- [PROVIDED DATA]
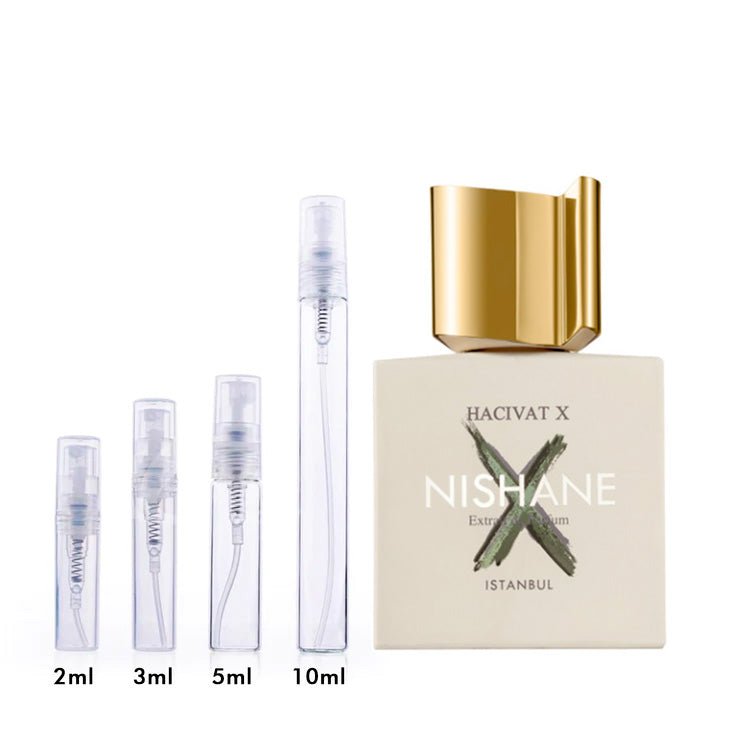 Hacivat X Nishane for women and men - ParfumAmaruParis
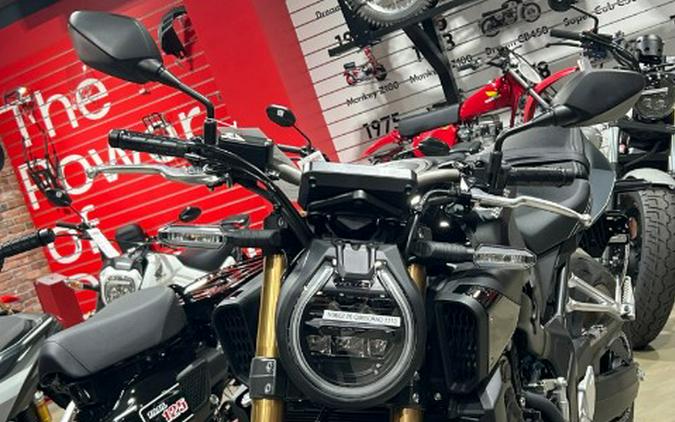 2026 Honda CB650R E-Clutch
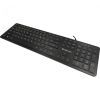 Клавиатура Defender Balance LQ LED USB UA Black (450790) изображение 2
--
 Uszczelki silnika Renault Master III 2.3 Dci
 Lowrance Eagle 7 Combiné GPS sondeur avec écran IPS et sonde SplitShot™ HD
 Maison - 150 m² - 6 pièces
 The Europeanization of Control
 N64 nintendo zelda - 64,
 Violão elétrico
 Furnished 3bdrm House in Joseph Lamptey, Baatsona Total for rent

- [DIRECTIONS] Please reproduce the lines from the line with "Lowrance Eagle 7" to the line with "Furnished 3bdrm House", both ends included, exactly as they appear above.

- [RESULT FOR THIS TASK]
 Lowrance Eagle 7 Combiné GPS sondeur avec écran IPS et sonde SplitShot™ HD
 Maison - 150 m² - 6 pièces
 The Europeanization of Control
 N64 nintendo zelda - 64,
 Violão elétrico
 Furnished 3bdrm House in Joseph Lamptey, Baatsona Total for rent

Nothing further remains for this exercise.